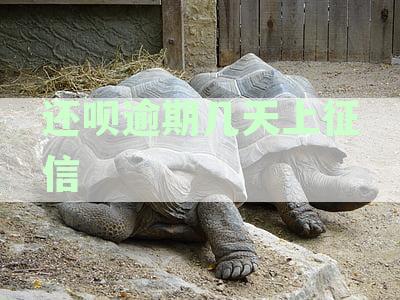 借呗逾期还款时间及征信记录影响全解析，助您避免逾期风险！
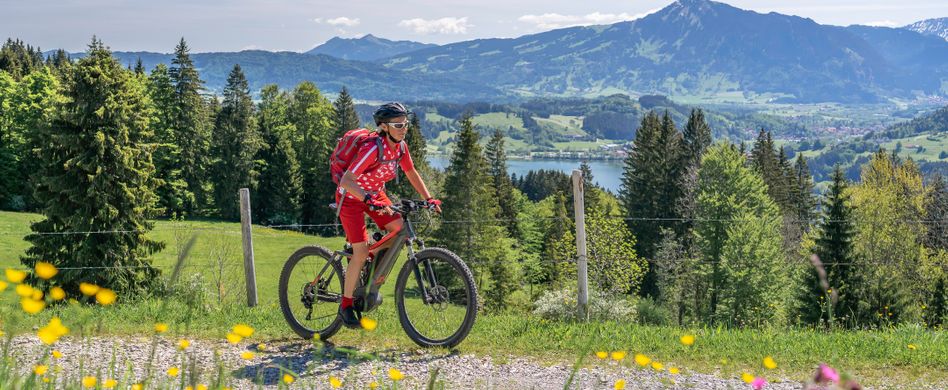 E-Bikes-Vergleich: Welche sind die besten E-Bikes?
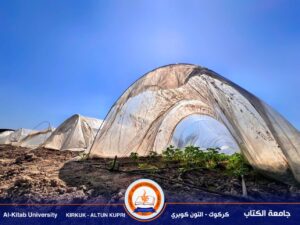 Read more about the article Al-Kitab University wins second place in the Photography Festival in Babylon.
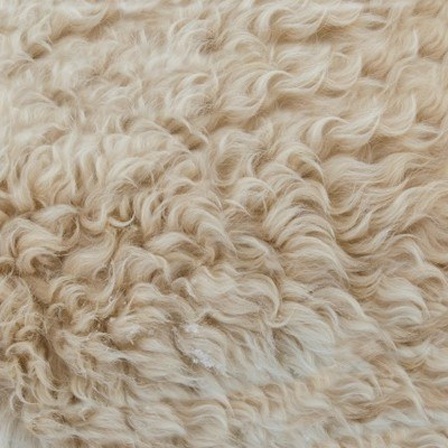 Wärmendes Tierhaar: Schafpelz oder auch einfach Wolle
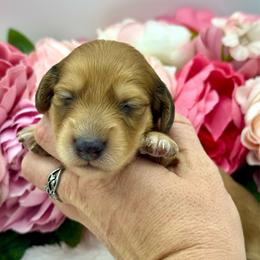 Greer - Red female Dachshund puppy in Exeter, California from Sawtooth Miniature Dachshunds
.....
Extract exactly the lines from the one containing "Read more about" through the last line of the records above, both included, and leave out the pictures.

Result of this task:
 Read more about the article Al-Kitab University wins second place in the Photography Festival in Babylon.
 Wärmendes Tierhaar: Schafpelz oder auch einfach Wolle
 Greer - Red female Dachshund puppy in Exeter, California from Sawtooth Miniature Dachshunds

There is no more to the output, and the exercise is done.